Pete Mulvaney suspiró.

—Por eso digo que el espacio debe estar distorsionado. Hay un atajo en alguna parte.

—¿Un atajo tan corto? No puede ser.

—Pero George, escucha lo que se está recibiendo. ¿Entiendes el código?

—Ya no. No a esa velocidad, al menos.

—Bien, yo sí lo entiendo — dijo Pete —. Ésa es la jerga de los primeros radioaficionados norteamericanos. Son los sonidos que llenaban el aire antes que se iniciaran las emisiones radiales normales. Es la jerga, las abreviaturas, la cháchara del granero al altillo de los aficionados con claves, con cohesores Marconi o detectores Fessenden... y pronto oirás un solo de violín. Te diré cuál es.

—¿Cuál?

—El Largo de Handel. El primer disco fonográfico transmitido por radio.
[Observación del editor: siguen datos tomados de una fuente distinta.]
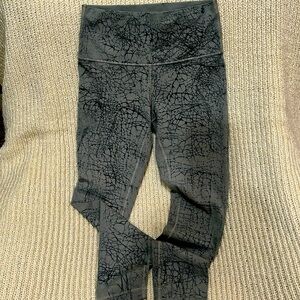 Lululemon leggings- gray with black spiderweb design.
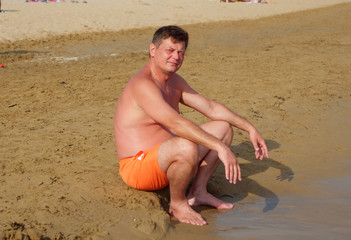 man in the sea on the beach in Bibione, Italy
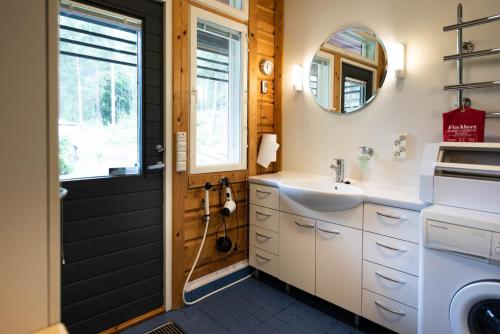 een badkamer met een wastafel en een spiegel bij Leena's B&B in Inkoo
Fessenden lo emitió desde Brant Rock en 1906. Oirás su CQ-CQ en cualquier momento. Te apuesto un trago.

—De acuerdo. ¿Pero qué era el dit-dit-dit que empezó todo esto?

Mulvaney sonrió.

—Marconi, George. ¿Cuál fue la señal más poderosa jamás emitida, cuándo y por quién?

—¿Marconi? ¿Dit-dit-dit? ¿Hace cincuenta y seis años?

—Eres un buen alumno. La primera señal transatlántica, el 12 de diciembre de 1901. Durante tres horas la gran estación de Marconi en Poldhu, con postes de más de sesenta metros, envió una S intermitente, dit-dit-dit, mientras Marconi y dos asistentes, en St. Johns, Terranova, remontaban una antena a ciento veinte metros en una cometa hasta que al fin captaron la señal. A través del Atlántico. George, con chispas que saltaban de las grandes botellas de Leyden en Poldhu y 20.000 voltios brincando de las tremendas antenas...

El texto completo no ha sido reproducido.